Semi-Supervised Learning

Waikato / meka

Multi-label classifiers and evaluation procedures using the Weka machine learning framework.

http://waikato.github.io/meka/

GNU General Public License v3.0

199 stars 76 forks source link

Semi-Supervised Learning #75

Open bubbazz opened 2 years ago

bubbazz commented 2 years ago

Hi,

in the tutorial under the paragraph semi-supervised learning. is in the command an unlabed.arff.

I wonder how in the arff such a line looks. The only thing I found are "?" as attribute values.

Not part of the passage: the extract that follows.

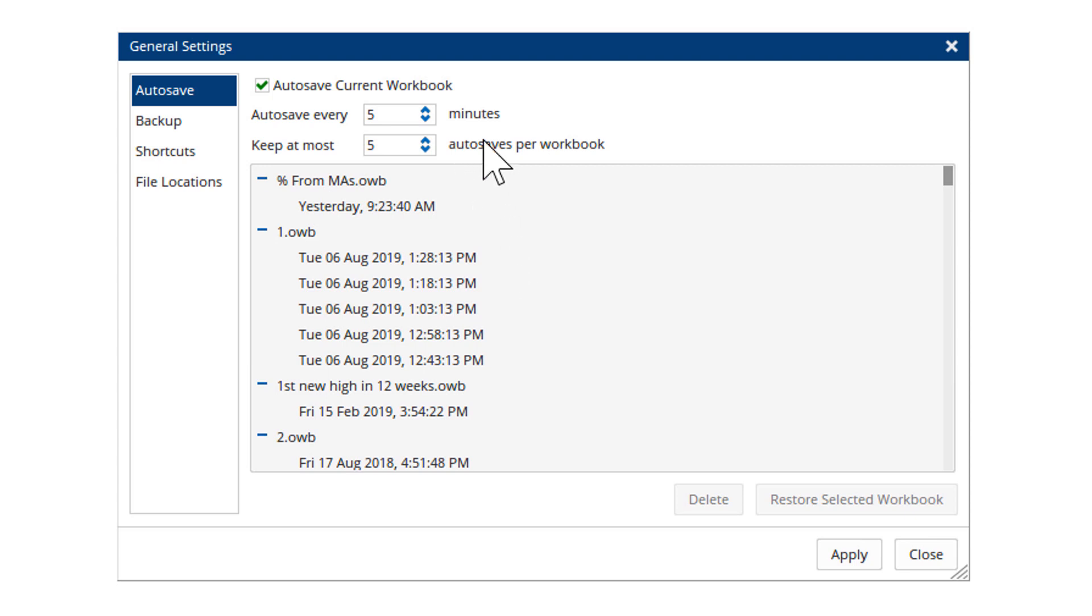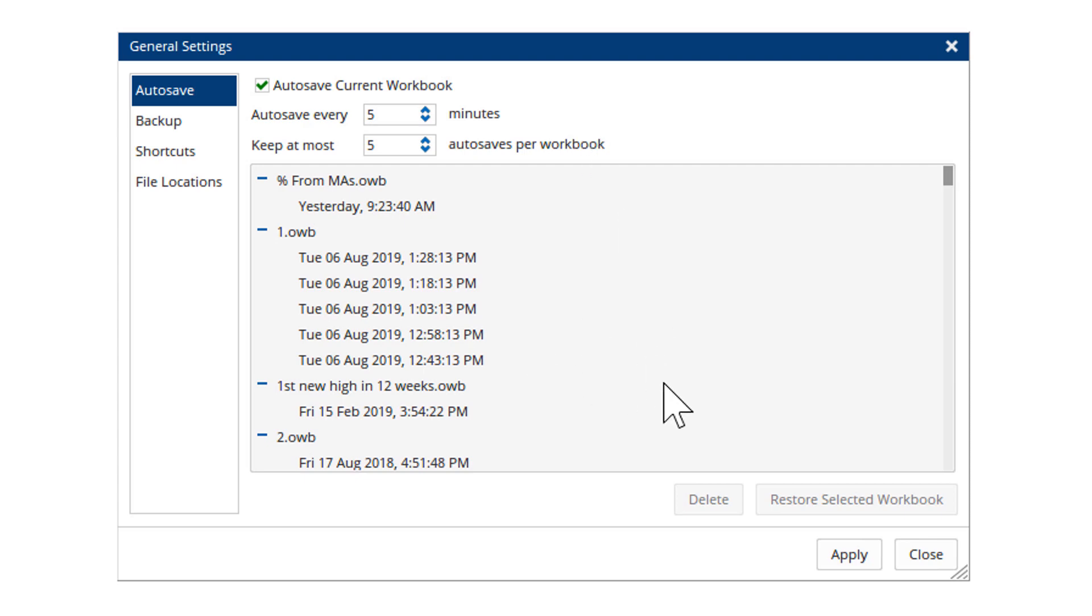So every five minutes it will take a copy and I'll have five copies should anything happen. That way if the computer or something happens before you get to physically save the workbook, you'll be able to get it from the autosave snapshot through here.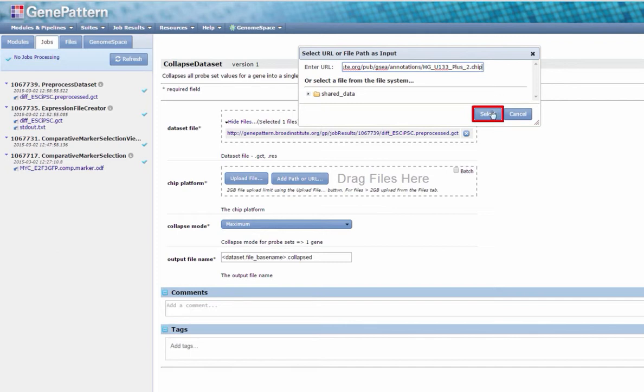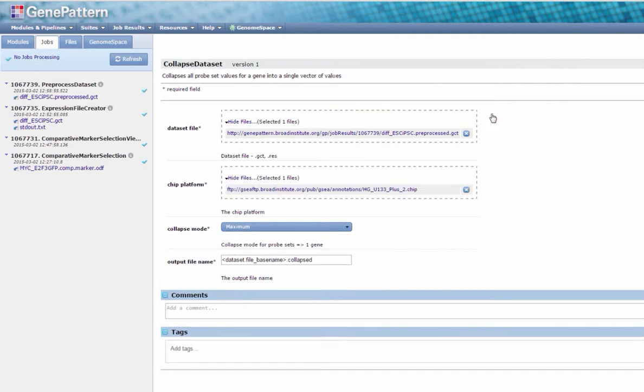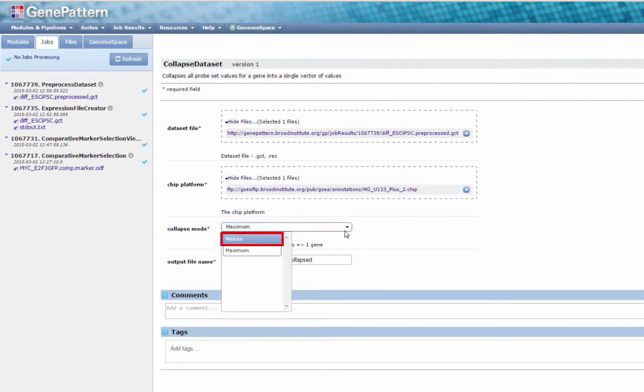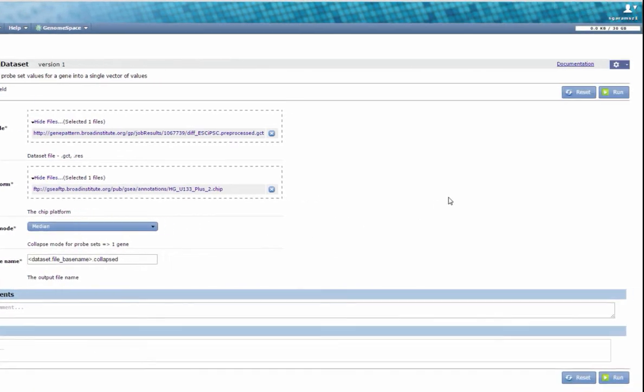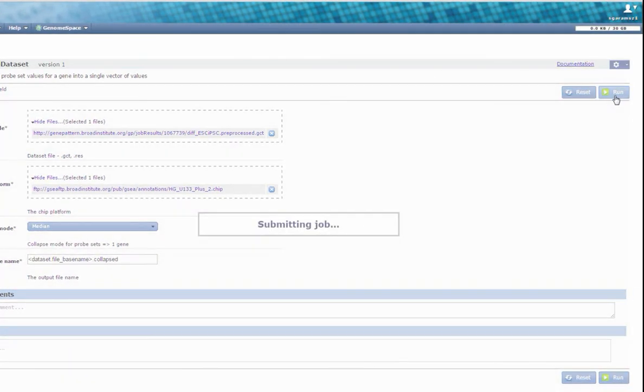Click Select. Set Collapse Mode to Median. Click Run and proceed once your job has completed.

For example: @RELATION unlabeded @ATTRIBUTE X1 NUMERIC @ATTRIBUTE X2 NUMERIC @ATTRIBUTE y0 {0, 1} @ATTRIBUTE y1 {0, 1}

{ 0 42.42, 1 42.42, 2 ?, 3 ? }

Is the above described unlabed? or what does such a dataset look like?

fracpete commented 2 years ago

The unlabeled dataset requires the exact same structure as the training set (ie same attribute and nominal label order) and the class attribute columns to contain only missing values (ie ?).

If you need to introduce missing values, have a look at the missing-values-imputation Weka package.

I've added a note to Tutorial.tex to make it clearer. Thanks for pointing it out!

bubbazz commented 2 years ago

Thanks for clearing it up. it helped me a lot.

bubbazz commented 2 years ago

Dear Meka-Team,

Is it possible to combine semi-supervised learning with hyperparameter tuning?
- because in the Tutorial.pdf the Semi-Supervised-Learning with EM/CM has two commands (see the first post) and i can't figure out how to built a pipe with hyperparameter tuning (e.g. meka.*.MultiSearch)
after training and testing (the two seperate commands), how do you predict unseen data.

Thank you very much indeed.

With kind regards

fracpete commented 2 years ago

From a quick look at the code:

MultiSearch isn't a semi-supervised algorithm itself (and therefore won't get the unlabeled dataset for training), so can't be used to optimize a semi-supervised classifier.
On the command-line, not sure. In code: meka.core.MLEvalUtils calculates threshold/thresholds using the collected prediction arrays (obtained from the classifier's distributionForInstance method for each row in the weka.core.Instance object) using the meka.core.ThresholdUtils class.

Please note, I don't use Meka, so only some vague pointers.